> EXERCISE DESCRIPTION:
Set down, word for word, every line of the material below from the one containing "Tea Plantations On" through the one containing "Chậu lan hồ", but none of its pictures.
START AVAILABLE DATA
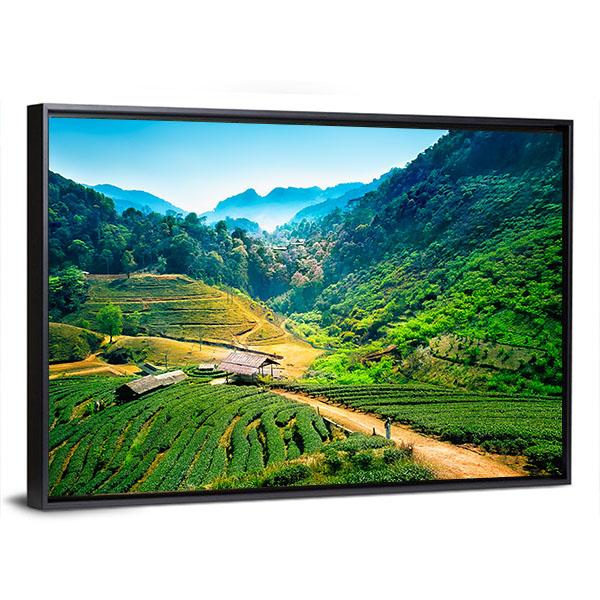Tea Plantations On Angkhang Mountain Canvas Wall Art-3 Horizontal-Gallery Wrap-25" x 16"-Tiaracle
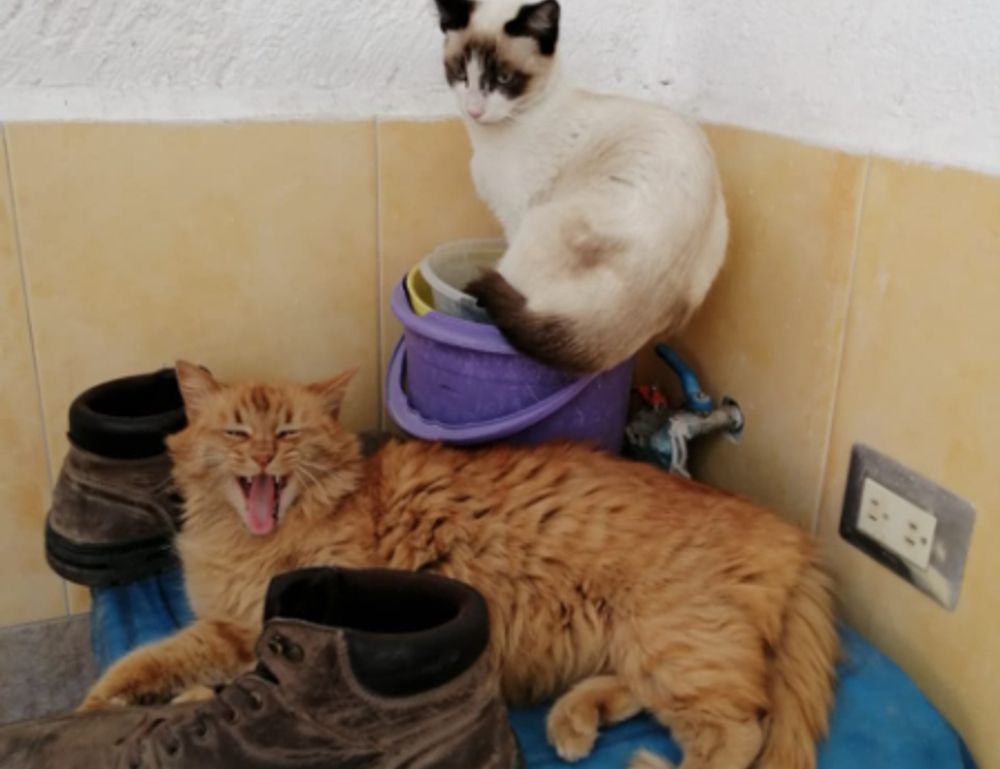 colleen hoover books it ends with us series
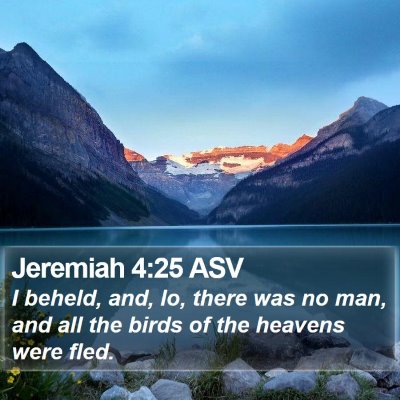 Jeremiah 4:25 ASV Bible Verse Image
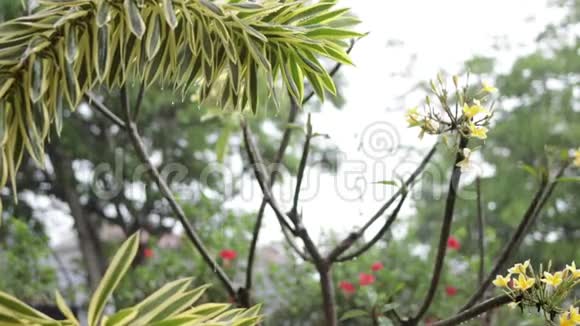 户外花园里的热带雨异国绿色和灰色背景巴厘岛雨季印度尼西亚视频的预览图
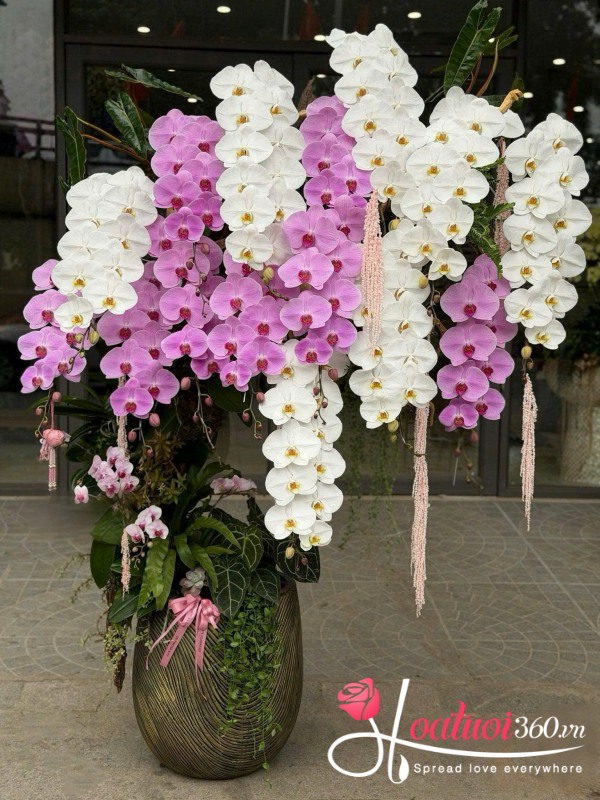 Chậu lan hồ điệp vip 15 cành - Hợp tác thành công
END AVAILABLE DATA
START AVAILABLE DATA
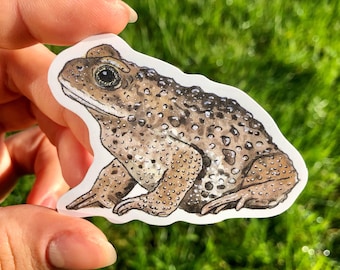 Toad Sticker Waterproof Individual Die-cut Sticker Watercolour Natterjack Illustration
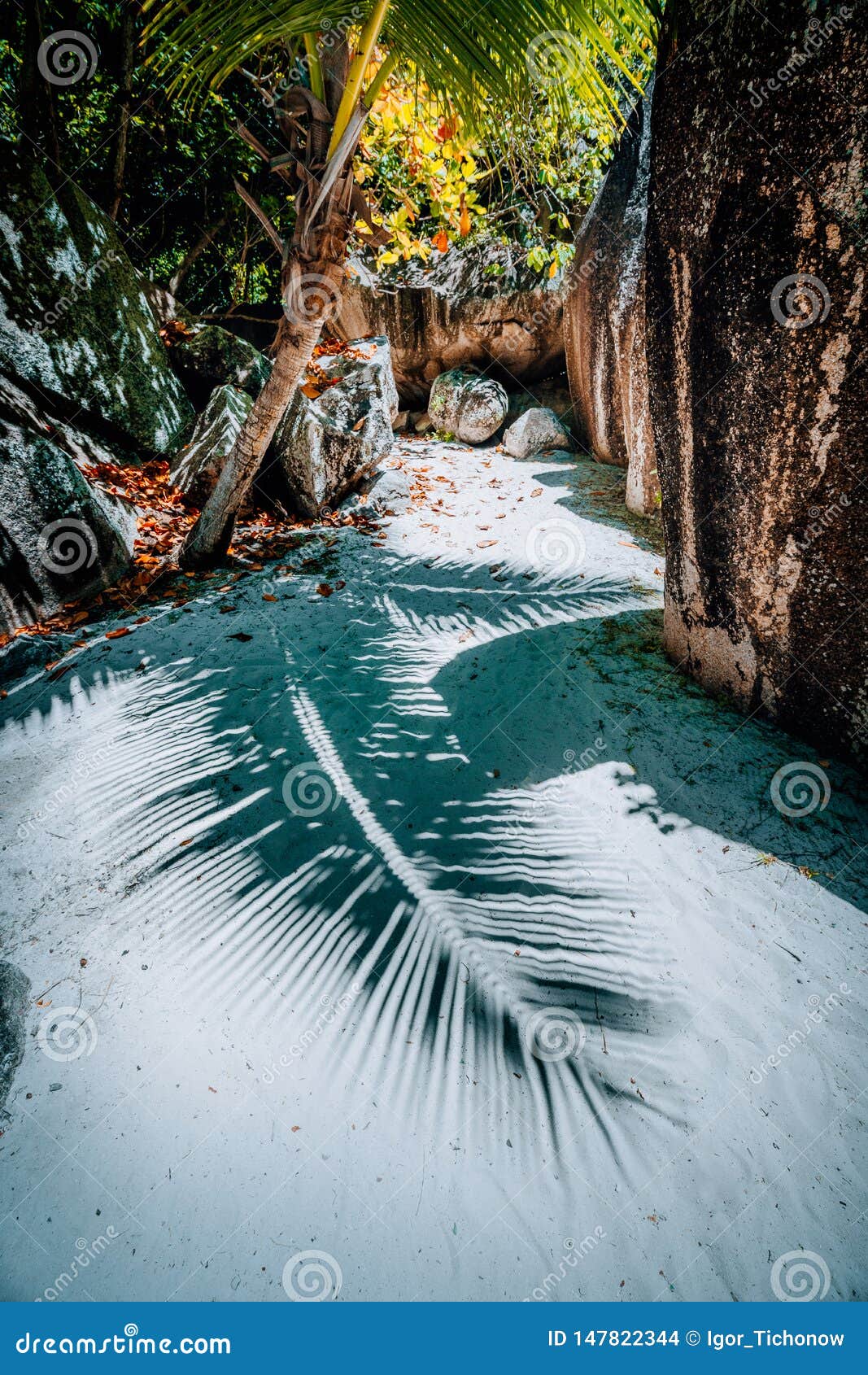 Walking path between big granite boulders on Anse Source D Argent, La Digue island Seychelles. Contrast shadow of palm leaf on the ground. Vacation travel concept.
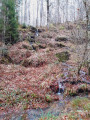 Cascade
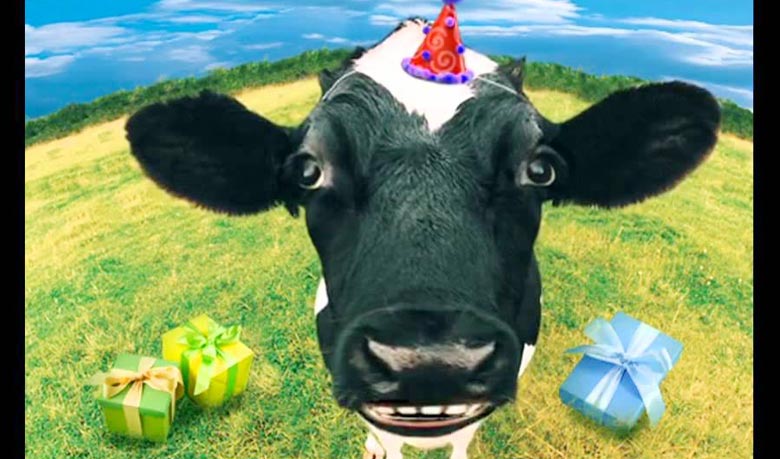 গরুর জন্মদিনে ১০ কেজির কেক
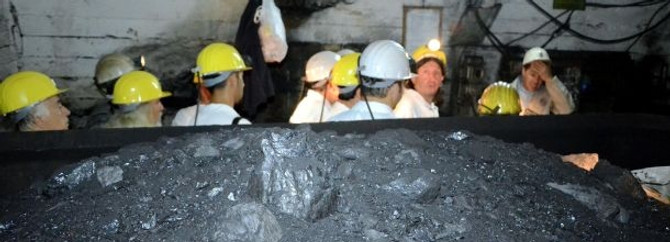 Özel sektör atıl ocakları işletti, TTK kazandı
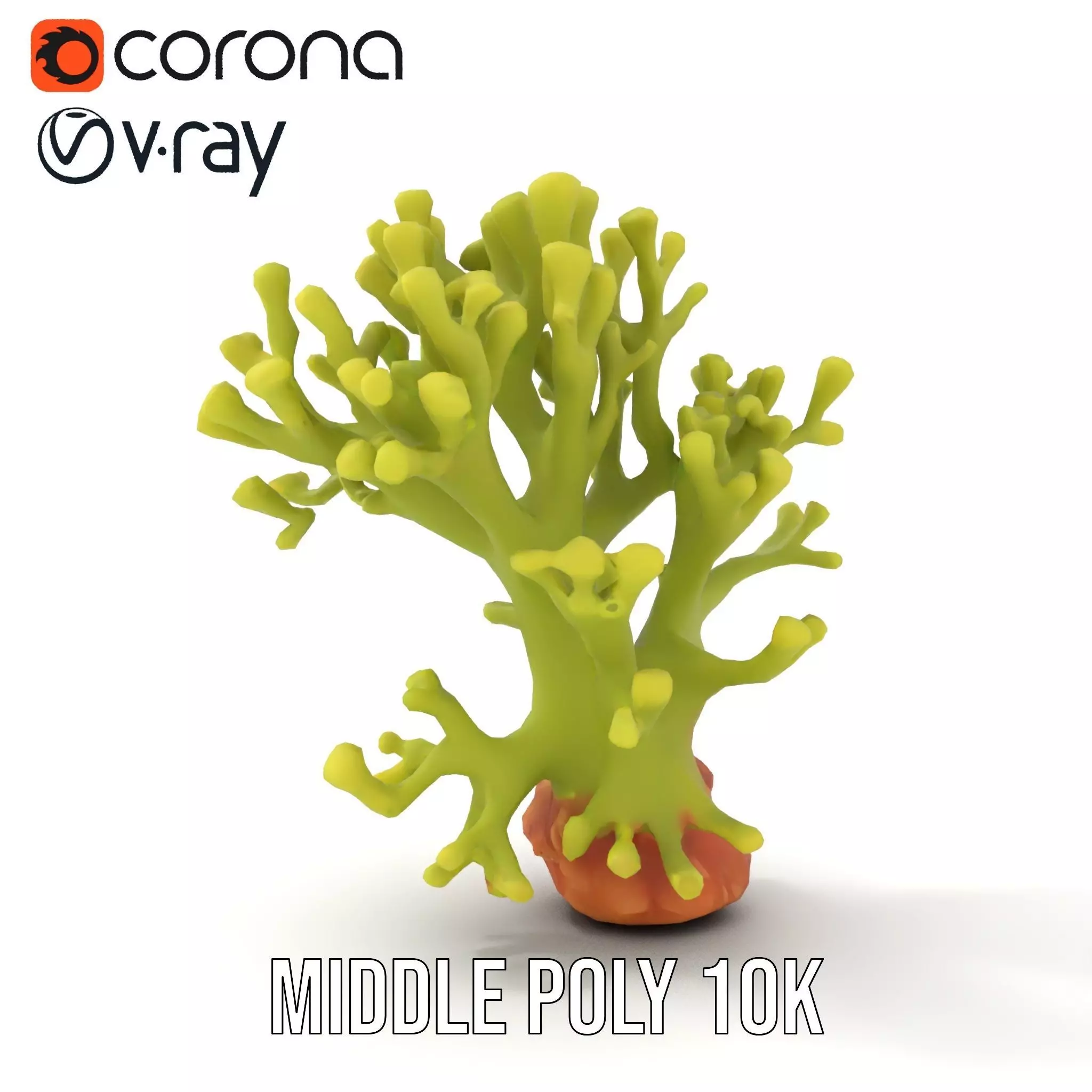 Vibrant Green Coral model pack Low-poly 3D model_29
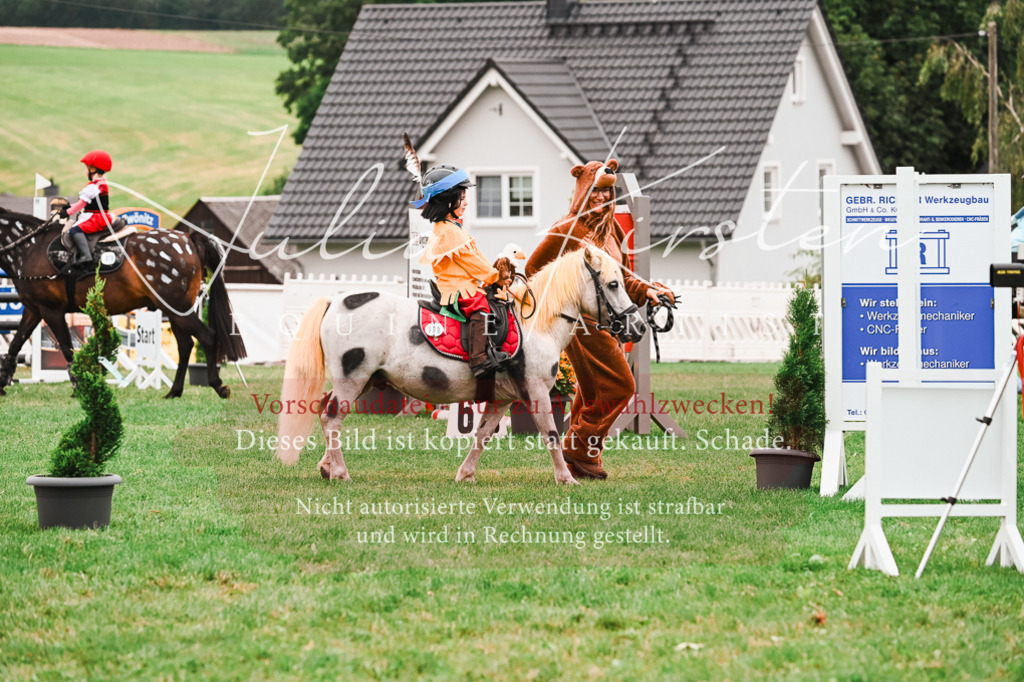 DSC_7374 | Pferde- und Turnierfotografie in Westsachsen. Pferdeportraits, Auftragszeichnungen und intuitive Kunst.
END AVAILABLE DATA
> RESULT:
Tea Plantations On Angkhang Mountain Canvas Wall Art-3 Horizontal-Gallery Wrap-25" x 16"-Tiaracle
 colleen hoover books it ends with us series
 Jeremiah 4:25 ASV Bible Verse Image
 户外花园里的热带雨异国绿色和灰色背景巴厘岛雨季印度尼西亚视频的预览图
 Chậu lan hồ điệp vip 15 cành - Hợp tác thành công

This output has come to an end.